The main problem is "people are really unaware" they can pursue such claims for coerced vaccine injuries and may wait too long to seek them, Mendenhall said. He has to rush on behalf of clients to meet Ohio's statute of limitations; one woman who lost her speech and mobility called him days after her claim expired.
He's working with local doctors who review clients' medical histories to show that COVID vaccines were the "proximate cause" of their injuries, which Mendenhall described as "typical" of those filed in VAERS. Their names will eventually be public by law, Mendenhall said, but he doesn't want to name them for now.
Mendenhall is also representing a mother seeking to keep her son from getting vaccinated against COVID, which is generally recommended by public health authorities and mainstream medical groups regardless of age or risk factors.

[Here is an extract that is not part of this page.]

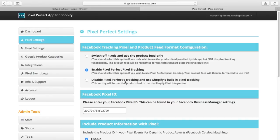Selecting this option turns off the Pixel Perfect pixel and will format your feed to use the Shopify built-in integration. In order to use this option, you must enter your pixel ID into your Shopify store in the Shopify pixel section.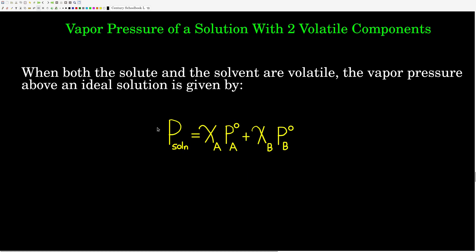Now, if we have a solution where both components are volatile, we can use a modified form of Raoult's Law. This says the vapor pressure above the solution equals the mole fraction of the first component times the vapor pressure of that pure component at that temperature, plus the mole fraction of the second component times its pure vapor pressure. If there were a third component, we'd add χ_C × P°_C, and so on. Each of these terms represents the partial pressure of that one component in the gaseous mixture above the solution.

The father of the boy, who has suffered "anaphylactic reactions to prior shots," wants him to get vaccinated. Mendenhall said he warned the doctor about liability that would stem from refusal to evaluate the ingredients in the vaccine in relation to the boy's medical history.
Such a failure by a medical professional arguably constitutes battery under state law because it denies informed consent to the potential victim of vaccination, according to Mendenhall.
An Ohio children's hospital that set up vaccination clinics in local public schools could be held liable for distributing flyers that said COVID vaccines were "safe and effective for your child," he said. They lacked "even the most limited information" about potentially dangerous interactions based on medical history.